The Apostle Paul tells this morning that Jesus is a lot like iron. He’s helpful to us whether we’re inside him or he is inside us. When we are inside Christ, Jesus protects us from sin’s charge. And when Christ is inside us, he protects us from sin’s control.
Let’s begin by finding out why we need protection from sin anyway. Paul said in our text: “6 The mind of sinful man is death…7 the sinful mind is hostile to God. It does not submit to God’s law, nor can it do so. 8 Those controlled by the sinful nature cannot please God” (Romans 8:6a, 7, 8). We need protection from sin because it brings death. It does that by directing us to always do the opposite of what God wants us to do. Have you ever been around a preschooler who has decided that it’s “opposite” day? When you ask him to stand, he sits. And when you ask him to sit, he stands. From the moment we are conceived that’s the way we act towards God. We don’t do what he wants because we are controlled by our sinful nature which is allied with the devil.

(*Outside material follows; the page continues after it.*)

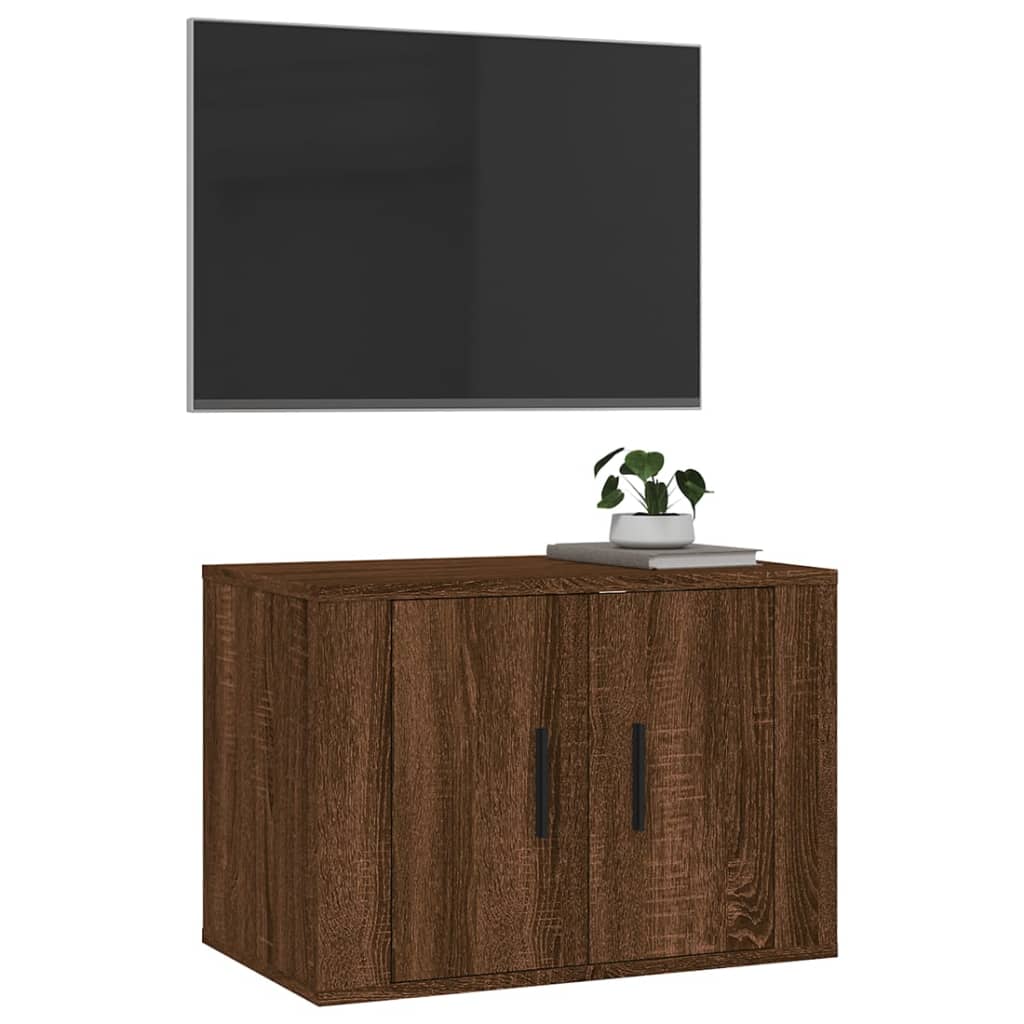 Barna tölgy színű fali tv-szekrény 57 x 34,5 x 40 cm Barna tölgy színű fali tv-szekrény 57 x 34,5 x 40 cm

But just as “opposite” day doesn’t last very long with preschoolers because their parents won’t put up with it, so we, who are controlled by the sinful nature, can’t escape God’s wrath forever. God can’t stand those who disobey him and will punish them with death and then an eternity in hell.
But are things really that bad in our lives? Are we always irritating God by doing what he doesn’t want us to do? I suppose the disciples didn’t think that they were such bad people either but do you remember what they were doing in our Gospel lesson this morning that upset Jesus? They were arguing among themselves as to which one was the most important (Matthew 20). This argument didn’t happen soon after Jesus had called them to be his disciples. If it had, the disciples could have at least used the excuse that they didn’t know any better. No, this exchange took place at the end of Jesus’ ministry. The disciples had watched and listened to Jesus for three years and should have known that if they wanted to be great in the Kingdom of God, they were to do that by becoming the least, that is serve and not demand to be served.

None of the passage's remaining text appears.